Wednesday, July 15, 2009

In The Beginning. . .2006

The first few years I was enchanted by absolutely everything. Oh isn’t that the cute! Cow flop, right here in the middle of my cobbled lane. Nestled in fallen lavender Jacaranda blossoms. Awww, they ate all my roses while they flopped here in my lane. Isn’t that charming?

Who’d a thunk it, I actually GO to the telephone company to pay my phone bill and request services. No more waiting on long phone-trees for me, boy! I get to stand in a real line and talk to a real person and hand them real pesos. Isn’t this cool! And the electric company, they just toss the bill over the gate into the yard! How cool is that! I just love it here. Wait ‘till I tell them back home how I get my electric bill!

Quaint was another word I used a lot, oh yeah, and picturesque. Horses and cows grazing on the lush tall grasses alongside the carretera, how smart, I thought, free food for their livestock and cut back on the fire danger too. This old fashioned way is certainly the way to go.

One day while cruising the carretera into San Juan Cosala I spied an ancient man, dark leathery skin looking like a raisin, emerging from a mountain trail with a clutch of burros. Each burro had perfectly cut and stacked lengths of dry branches piled high as they headed to the restaurants on the lakeshore to supply the grills with firewood for the day. What a sight to behold. I pulled my car over and leaned back and thought about what it would be like to be him. How long has he done this, how old was he, what was his house like, what about his family, where did he live, how many pesos did he earn hauling wood. . .then I heard a funny musical sound. The old man yanked the burro train to a halt, reached into his pants pocket, pulled out a cell phone, and took his call. Can you hear me now? Can you hear me now?

Yesterday I witnessed an astounding war of wills taking place outside of San Antonio Tlayacapan, when a young Mexican man on a motor scooter (good thing he didn’t have a Harley) was leading a walleyed horse on a short rope who was saying very clearly “I ain’t going anywhere with you on that scooter thang!” I successfully bet on the horse.
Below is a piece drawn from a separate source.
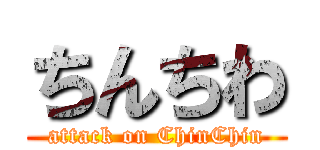 ちんちわ (attack on ChinChin)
When it comes to driving in Mexico, rule number one: There are no rules. Well, yes there are, but traffic laws in Mexico are more of a suggestion than a mandate. You will see every rule of the road or driving law broken within the distance of 10 kilometers. Expect. . . passing on the right, passing on the left, right hand turns with left blinker on, left blinker on accompanied by rigorous arm waving informing you that the coast is clear to pass, no blinker (much more common), no brake lights, no headlights, large trucks unable exceed 25 miles per hour, ATVs driven by children 10 years of age with entire families piled atop, police vehicles with an entire platoon straddling the sides of a pickup truck, 2 lane highways that are spontaneously turned into 6 lanes as needed, large flat bed trucks with rails and entire pueblo populations standing in the back windblown and happy. . .and absolutely everything else in between. Rule of thumb? EXPECT THE UNEXPECTED AND BE PREPARED!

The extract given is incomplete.